It is characterised by paroxysms of dyspnoea accompanied by wheezing resulting from temporary narrowing of the bronchi by muscle spasm, mucosal swelling or viscid secretion. Obstruction of may smaller bronchi by the secretion causes respiratory embarrassment.
In most cases it starts either in childhood or in middle age. Generally the patient also suffers from other allergic disorders like allergic rhinitis or eczema. Family history is often positive. Wide range of allergens can cause asthma. In intrinsic asthma external antigens play no part. Common allergens are dust, smoke, pollens, congress-grass, cold weather or eatables, sour food etc., Anything under the sun can cause allergy. Previous exposure to antigen stimulates formation of antibody(IgE) and a type I antigen-antibody reaction in the bronchi may follow further exposure to specific antigen. This releases histamine, bradykinin and slow release substance which promote bronchial constriction and an inflammatory reaction of allergic type in the bronchial mucosa. Fish, eggs, milk, wheat may reach the bronchi via blood stream to cause similar effects. Non protein substances like drugs may cause asthma by forming haptens, emotional stress or strenuous work may also provoke asthmatic attack.

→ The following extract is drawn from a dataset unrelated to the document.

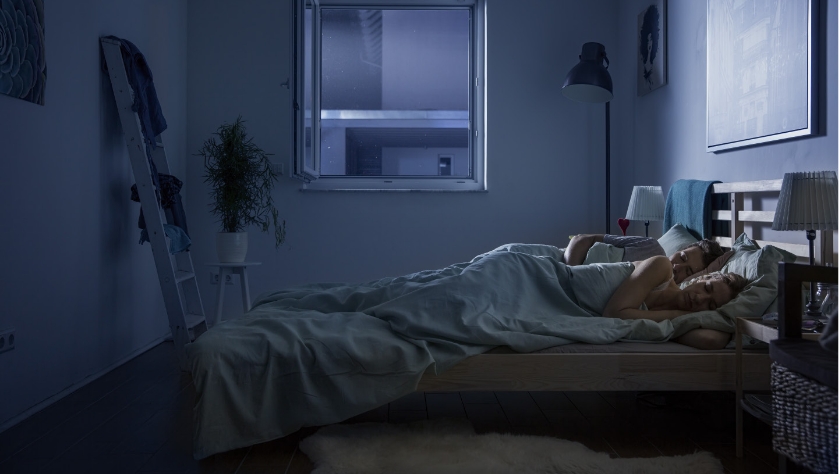 Schlafzimmer bei Nacht: Paar schläft entspannt bei geöffnetem Fenster mit Neher Polltec Insektenschutz.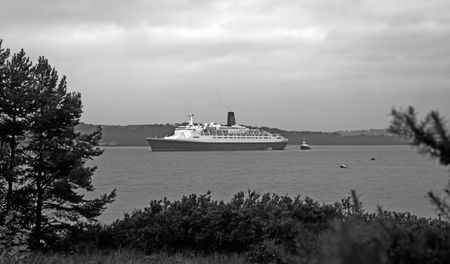 Cruise Liner Farewell Tour of UK. Anchored in Firth of Forth at South Queensferry, Scotland October 2008 near Forth Rail and Road Bridges. の写真素材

Paroxysms of sudden onset preceded by feeling of tightness in chest, upright posture. In chronic asthma there may be continuous wheeze and breathlessness on exertion. Here may be associated chronic bronchitis.
In some patients the attack may occur only in the night. This is called nocturnal asthma.
During acute attack the patient may be restless, agitated, sweating, breathing through lips with a prolonged expiration and using accessory muscles of respiration. Wheezing may be audible and patient may have census. Wheeze decreases as airflow diminishes. This decrease in wheeze may wrongly be interpreted as sign of improvement. Cyanosis, tachypnoea, tachycardia and completely silent chest suggest serious condition and hence necessity of hospitalisation.